The complexity of troubleshooting the devices is multiplied by the dynamically varying endpoints within the data center. To troubleshoot, admins might extensively research endpoint metadata before beginning the process. Customers use different methods to store inventory data about their endpoints. This method can result in searching for incorrect or outdated information, causing confusion.

Additionally, admins may struggle to identify the correct network device to start with or make mistakes in the process.

Understanding the reasons behind entering the "Troubleshooting of last resort" scenario is essential for developing more effective solutions. Often, this scenario arises either due to reported connectivity problems or when admins attempt to establish connectivity for a new device or service. Interestingly, the first step in this scenario is to resort to the last option is asking a series of questions about MAC addresses, IP addresses, switches, ports, and more. Users frequently do not have this information and must look it up from spreadsheets, paper records, or outdated inventory systems.

Troubleshooting Tools

Admins can use MAC tables, ARP tables, and ping and trace tools to troubleshoot the issues. You can run the show mac-address-table command to troubleshoot:

cedar-sw-01# show mac-address-table MAC age-time : 300 seconds Number of MAC addresses : 15 MAC Address VLAN Type Port f4:03:43:d3:be:b8 1 dynamic 1/1/4 f4:03:43:c0:e1:38 1 dynamic lag256 f4:03:43:c0:e1:30 1 dynamic lag2 00:50:56:5e:7a:69 1 dynamic lag1 00:50:56:5b:a0:40 1 dynamic lag1 04:90:81:00:08:a2 10 dynamic lag256

The MAC address table helps you to check if you have seen the MAC address of the endpoint in the last 5 minutes. If the user does not report a problem or share the MAC address, find out the MAC address used by the endpoint. However, if the device has many virtual network parts such as switches, it can be unclear which MAC it is using.

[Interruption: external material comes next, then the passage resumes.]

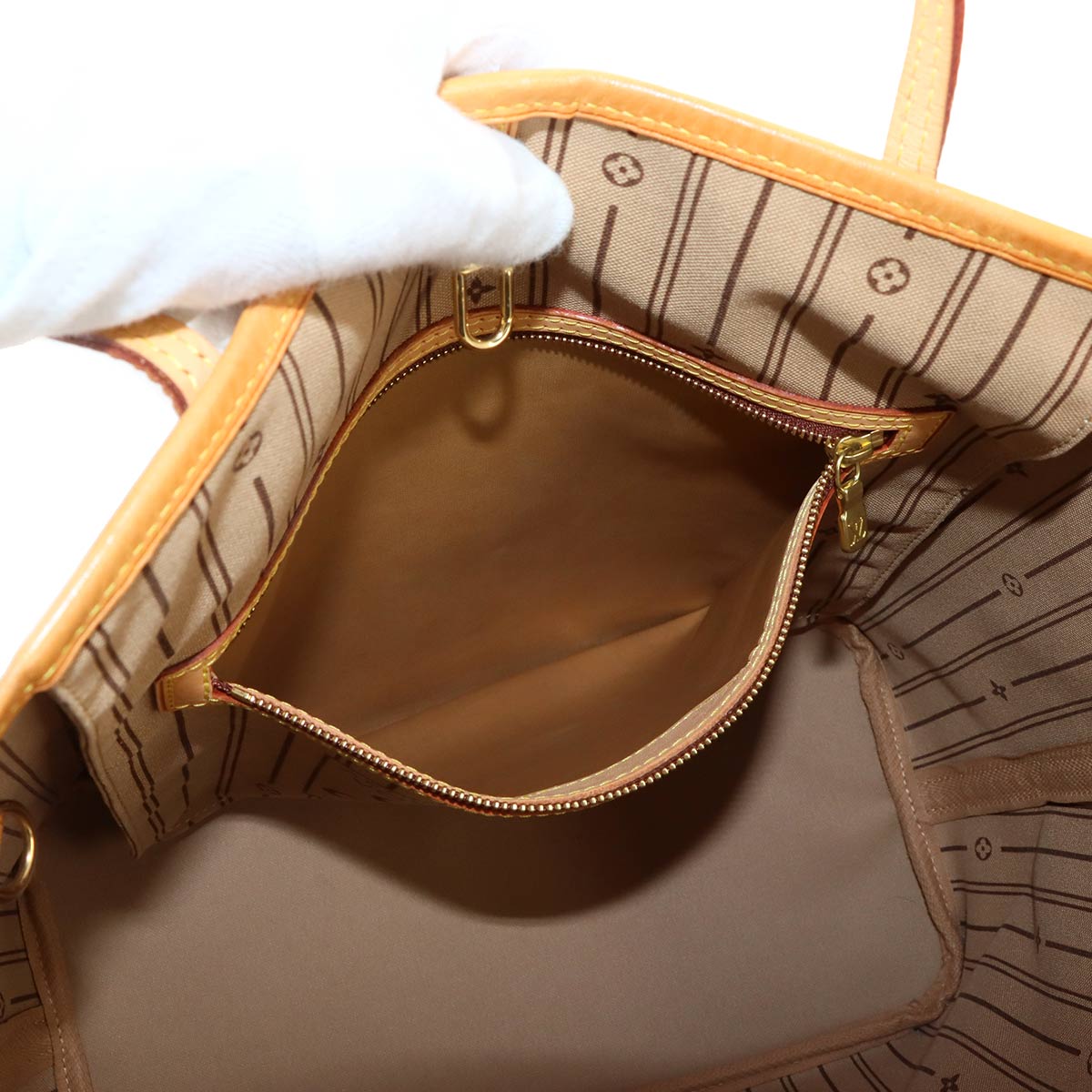 Monogram Neverfull MM Tote Bag Brown Beige M40156 Purse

You can also run the show arp command to troubleshoot the issue.

show arp cedar-sw-01# show arp all-vrfs IPv4 Address MAC Port Physical Port State VRF 10.10.3.23 00:50:56:ac:3d:c6 vlan30 lag1 reachable default 1.1.1.12 04:90:81:00:08:a2 vlan99 lag256 reachable default 1.1.1.1 04:90:81:00:08:a2 1/1/48 1/1/48 reachable default

For the following MAC address 04:90:81:00:08:a2, the output shows that there was an ARP request for this MAC address. The device with IPV4 address 1.1.1.1 is the VSX keepalive interface on the peer switch.

 

Endpoint metadata

Solving the issue involves getting the metadata right down to the switch. When users use specific commands, we can add extra details to the responses using metadata. For instance, if we know that the IP address 1.1.1.1 corresponds to a user VM named "Simon," we must include that information in the output.

show arp (decoration) cedar-sw-01# show arp all-vrfs IPv4 Address MAC Port Physical Port State VRF 10.10.3.23 00:50:56:ac:3d:c6 vlan30 lag1 reachable default 1.1.1.12 04:90:81:00:08:a2 vlan99 lag256 reachable default 1.1.1.1 (simons-vm) 04:90:81:00:08:a2 1/1/48 1/1/48 reachable default

The previous example is generic, to show the value of extra meta-data on standard switch screens, but in the vSphere context we have to research further to get more useful results.

 

VMware Use Cases

If you focus only on physical devices, you must figure out the specific switch to which your endpoint is connected. Other switches in the network might not have complete data about the endpoint, so they might not provide any information. In this scenario, more advanced data and perspectives become valuable for our administrators. By using VMware vSphere data as a foundation for your metadata, you gain a broader range of information beyond individual switches. You acquire a comprehensive set of data about topology of the fabric and endpoints. Operators use this information without requiring them to know the precise location of the endpoints.

Following queries that users might perform to gather more information about the endpoint:

Where can I find this endpoint (whether it is a virtual machine, VMkernel, or host)?

You might have a differing set of data on the endpoint, depending on their situation, and they want to know where it resides based on the limited information they have.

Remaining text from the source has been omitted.